Parlamentskorrespondenz Nr. 260 vom 26.03.2009

EU-Unterausschuss diskutiert Klimaschutzprogramm der EU

Einstimmige Ausschussfeststellung zur Atomkraft

Wien (PK) – Die EU will die Emissionen bis 2020 gegenüber 1990 um 20 % verringern. Sie wäre sogar zu einer Reduktion um 30 % bereit, wenn sich alle anderen Industrieländer zu vergleichbaren Reduktionen verpflichten. Oberstes klimapolitisches Ziel der EU ist es, den durchschnittlichen globalen Temperaturanstieg gegenüber vorindustriellen Werten auf unter 2°C zu begrenzen, da bei einem höheren Anstieg unabsehbare negative Folgen für die Umwelt und die Wirtschaft überall auf der Welt zu erwarten sind. Um das 2°C-Ziel zu erreichen, müssen die globalen Treibhausgas-Emissionen bis 2020 ihren absoluten Höhepunkt erreichen und bis 2050 gegenüber 1990 zumindest halbiert werden.
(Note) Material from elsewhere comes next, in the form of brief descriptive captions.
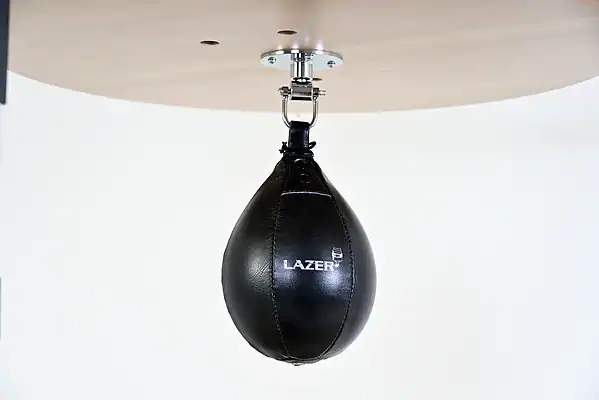 Black Balazs Lazer 10 x 7 inch medium speed bag, Lazer-logo view, mounted beneath a wooden platform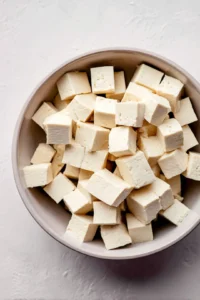 Press the tofu to remove excess moisture and cut it into cubes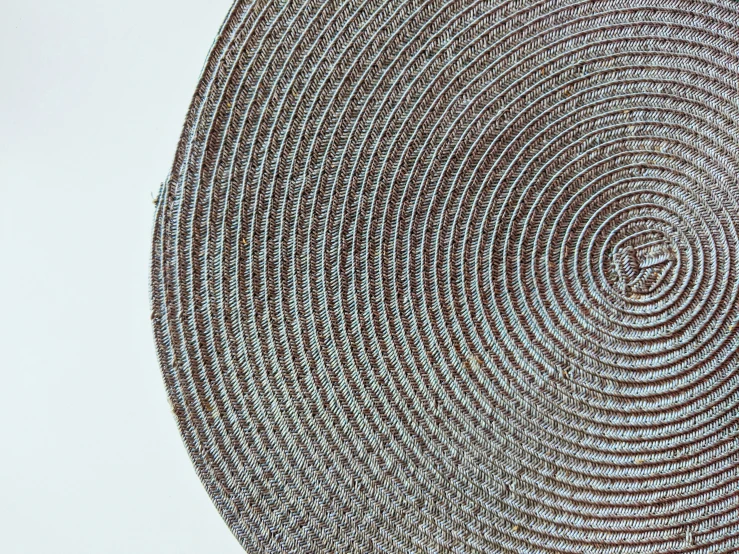 circular woven piece of woven material with no color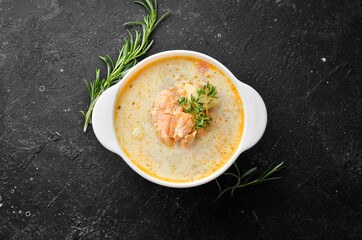 Fish soup with vegetables. Soup in a bowl. Top view. Free space for your text.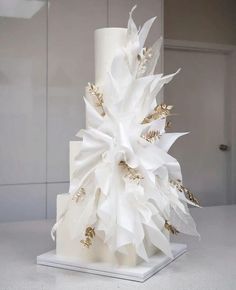 a three tiered white cake with gold leaf decorations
Das ist den Schlussfolgerungen des Rats der UmweltministerInnen vom 2. März 2009 zu entnehmen, der damit, genauso wie eine Entschließung des Europäischen Parlaments, den wesentlichen Punkten der Mitteilung der Kommission zu einem umfassenden Klimaschutzübereinkommen folgt. Ein solches soll nach dem Plan der internationalen Staatengemeinschaft auf der UN-Klimakonferenz im Dezember 2009 in Kopenhagen für die Zeit nach 2012 beschlossen werden. Die EU hat damit als bisher einzige Verhandlungsgruppe konkrete Vorstellungen für weitere Maßnahmen nach dem Auslaufen des Kyoto-Protokolls vorgelegt.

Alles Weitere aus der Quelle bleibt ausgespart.